Planxty quickly became the premier Irish folk band of the early ’70’s after signing a six-record contract and touring extensively throughout Europe. After their third album, Moore left and was briefly replaced by Paul Brady before disbanding.
Brady, a self-taught pianist and guitarist joined Planxty in 1974. Between 1976 and 1978, he and Irvine played as a duo, a musical affiliation that produced the album Andy Irvine and Paul Brady, which even today is considered “one of the greatest albums ever of traditional Irish songs,” (All Music Guide)
The duo performed a reunion concert at the Royal Concert Hall in Glasgow in February 2008.

A master of the Sligo tradition of flute and tin whistle playing, Matt Malloy has played a vital role in the evolution of Irish music. A charter member of the Bothy Band, Malloy has continued to bring a modern sensibility to Ireland’s traditional music. In addition to recording four memorable solo albums, Malloy has applied the warm, airy tones of his flutes to the music of Paul Brady, Tommy Peoples, Michael O’Suillabhain, Donal Lunny, Planxty, and the Irish Chamber Orchestra. Malloy has been one of two non-Dubliners in the Chieftains since 1979.
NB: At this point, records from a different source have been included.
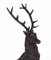 20th Century Bronze Stags Deer, Set of 2, Image 5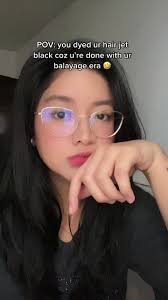 Dying My Hair Black Cause Were Done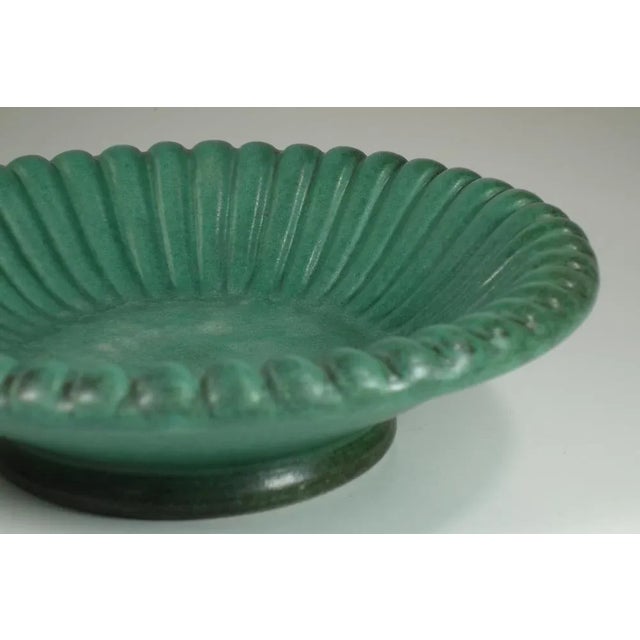 Danish Art Deco Dish by Michael Andersen, 1960s For Sale - Image 6 of 8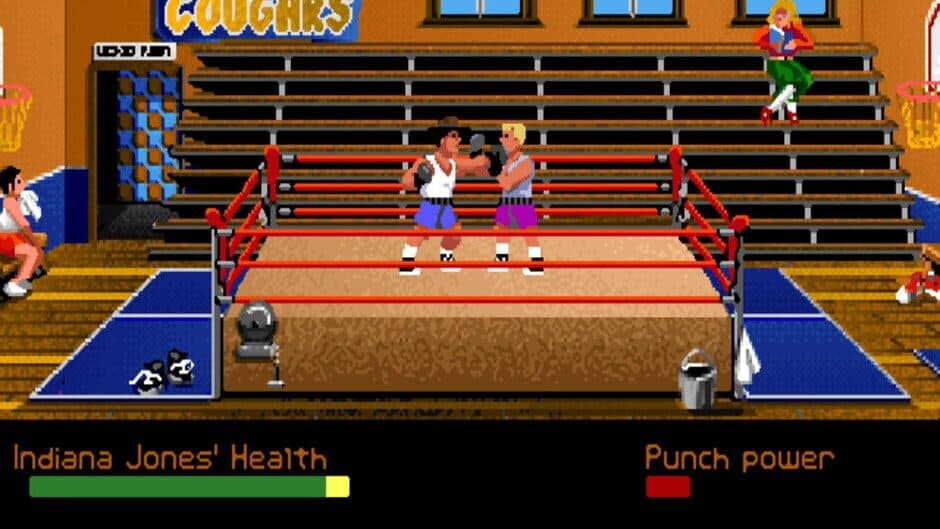 Indiana Jones and the Last Crusade: The Graphic Adventure screenshot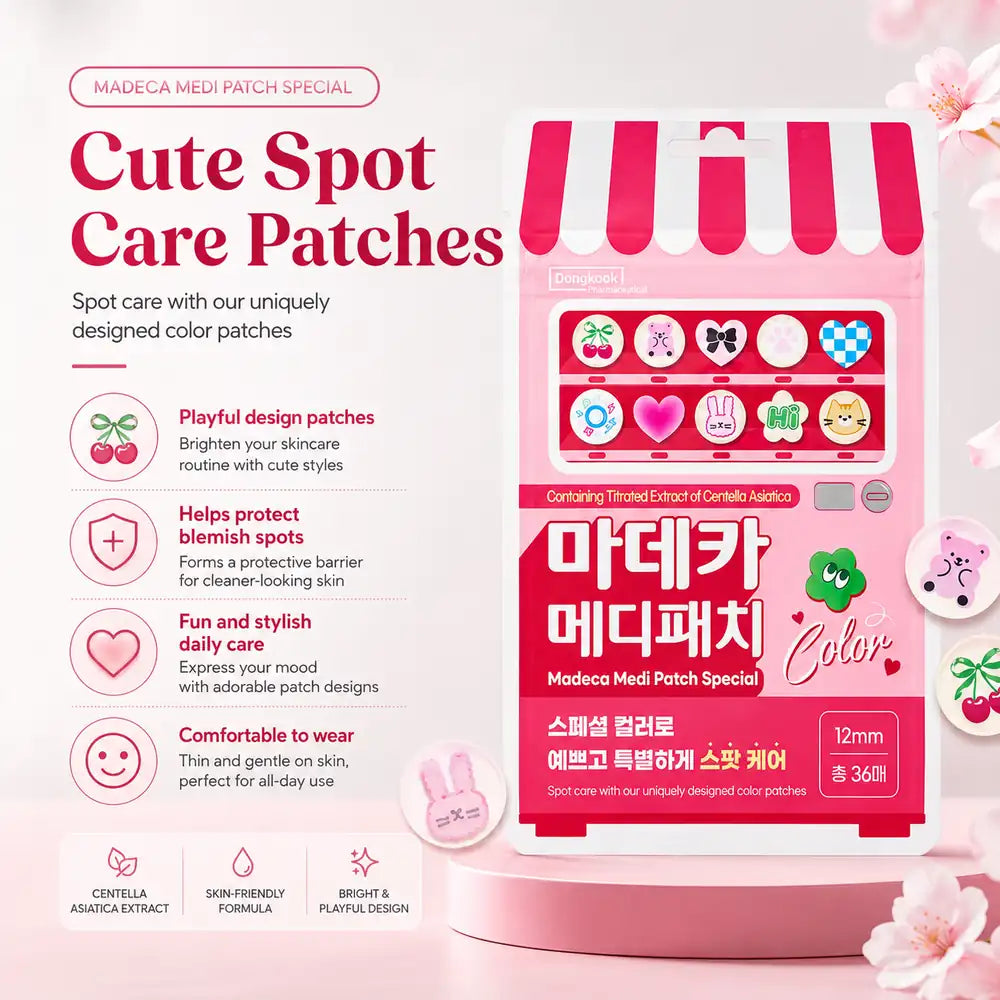 Centellian24 Madeca Medi Patch Special Color 36pcs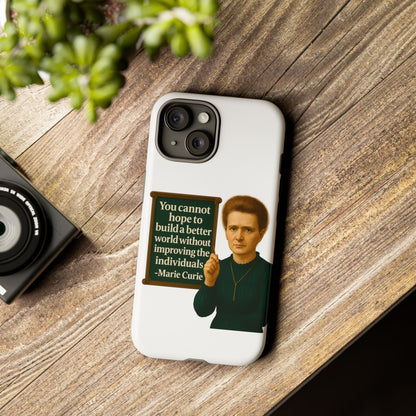 Madame Curie Phone Case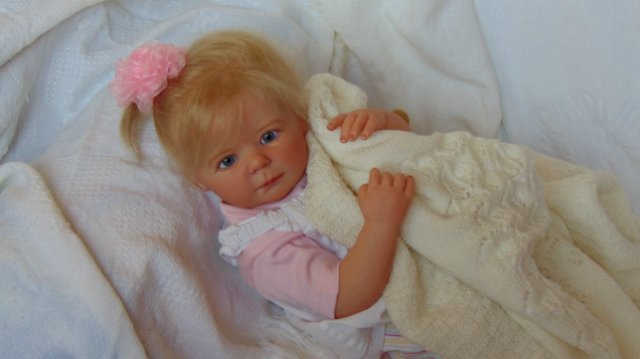 Ксюшенька! Еще одна Марлишка! Кукла реборн Шепелевой Людмилы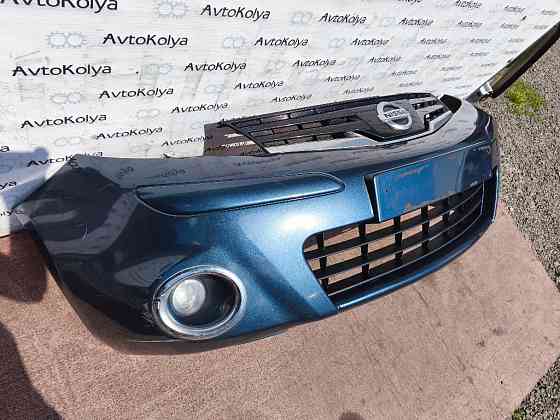 Бампер передній в зборі с туманками Nissan Note E11 2008-2012 (62022BH10H) Ковель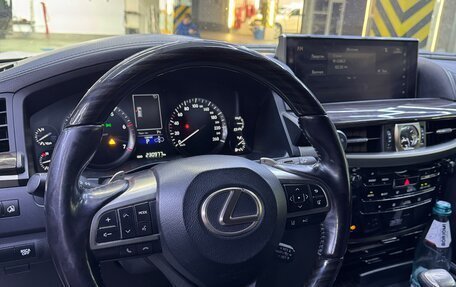 Lexus LX III, 2021 год, 8 500 000 рублей, 15 фотография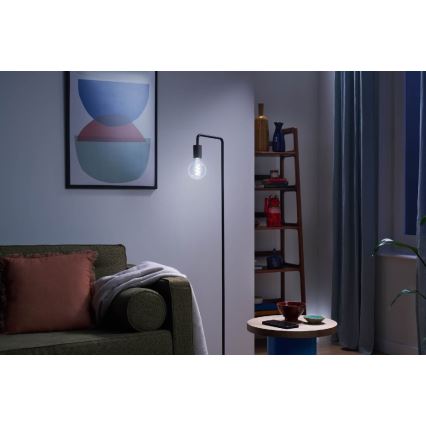 Lâmpada LED RGBW com regulação G95 E27/6,3W/230V 2200-6500K Wi-Fi - WiZ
A native of the small County Rosecommon village of Ballaghadereen, Malloy represents the third generation of flute players in his family. Starting to learn the instrument at the age of eight, he won the All-Ireland Flute Championship nine years later. An invitation to join the National Fleadh Cheoil And Oirechta followed shortly afterwards. Moving to Dublin in the early ’70s, Malloy quickly established himself as one of the city’s leading traditional musicians. When his busy schedule allows, Malloy can be found at the pub that he owns in Westport, County Mayo.